This is essentially identical to the discussion of the previous section,
albeit with a nonlinearity in the form of :math:`\tanh` to ensure that
the values of the hidden state remain in the interval :math:`(-1, 1)`.
If we want to be able to reduce the influence of previous states we can
multiply :math:`\mathbf{H}_{t-1}` with :math:`\mathbf{R}_t` elementwise.

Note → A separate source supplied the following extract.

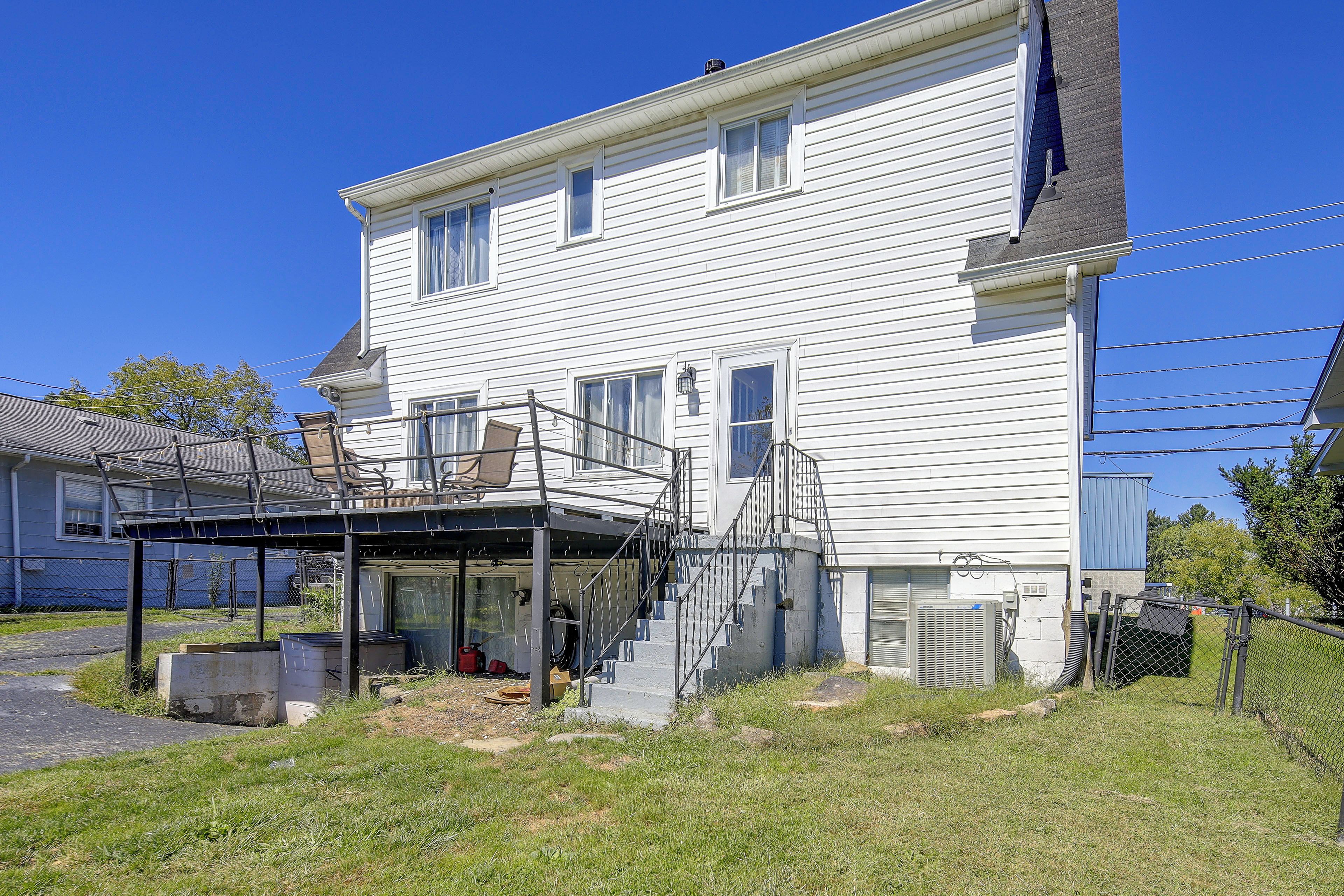 A two-story house with a covered porch and a small staircase leading to the upper floor.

Whenever the entries in :math:`\mathbf{R}_t` are close to :math:`1` we
recover a conventional deep RNN. For all entries of :math:`\mathbf{R}_t`
that are close to :math:`0` the hidden state is the result of an MLP
with :math:`\mathbf{X}_t` as input. Any pre-existing hidden state is
thus ‘reset’ to defaults. This leads to the following candidate for a
new hidden state (it is a *candidate* since we still need to incorporate
the action of the update gate).
.. math:: \tilde{\mathbf{H}}_t = \tanh(\mathbf{X}_t \mathbf{W}_{xh} + \left(\mathbf{R}_t \odot \mathbf{H}_{t-1}\right) \mathbf{W}_{hh} + \mathbf{b}_h)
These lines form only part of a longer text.